About 2,500 more people left the Cornhusker State than moved to the state in 2008, according to a report released Wednesday by the University of Nebraska at Omaha's Center for Public Affairs Research. That's about half the state's annual average loss of 5,000 residents over the previous decade and well below the 20-year average of about 3,300. Nebraska has failed to lure more residents of other states than it's lost in all but three of the past 20 years that the statistic has been measured -- 1992, 1995 and 1996.
That trend continued in 2008, but researchers noted that Nebraska attracted more residents from 22 states than it lost to them, double the number from 2007. The 22-state net gain was the highest since 1996, when there was a gain from 24 states.
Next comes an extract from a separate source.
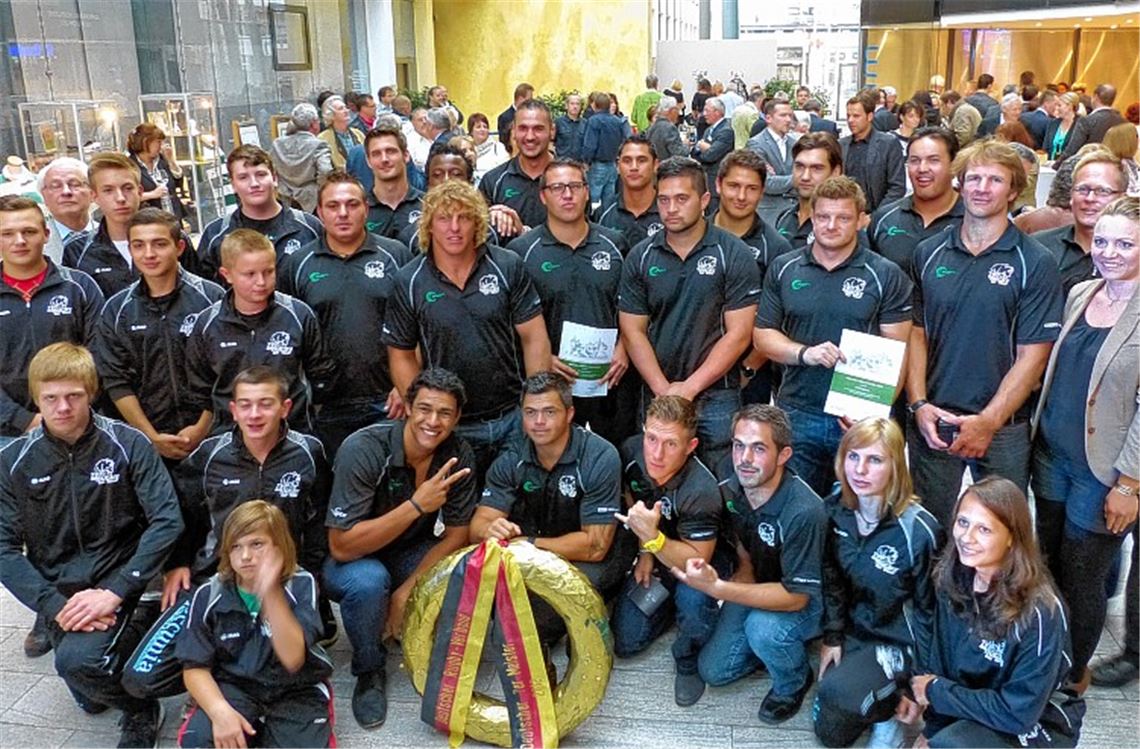Steiler sportlicher Aufstieg: Die Rugby-Spieler des TV Pforzheim mischen in der Bundesliga ganz oben mit. Auch im sozialen Bereich ist der Verein stark engagiert, wofür der Club den Preis der Ersten Bürgerstiftung Pforzheim-Enz erhält.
In 2002, Nebraska saw a net gain from just eight states.
The figures suggest Nebraska may have been a destination for some affected by the economic downturn widely believed to have started in late 2007, said researcher David Drozd, who compiled the data by looking at IRS tax data. The downturn hit Nebraska later than many other states.
Some states that gave Nebraska more people than it took in 2008 were pummeled early by the recession, such as Ohio. Nebraska gained 37 people from Ohio in 2008 after having a net loss of nearly 100 to the state in 2007. That marked just the fifth time in the 20 years that Nebraska had a net gain in residents moving to and from Ohio.
Last year was the first time during the two decades that Nebraska saw a net gain from Minnesota, and it was just the third time Missouri has been in the plus-population category for the Cornhusker State.
Over the past two decades, bordering Iowa has mostly been a negative factor in Nebraska's population math, taking an average of 200 more people than it gave Nebraska. Last year, Iowa was a net-gainer for Nebraska, adding 26 residents.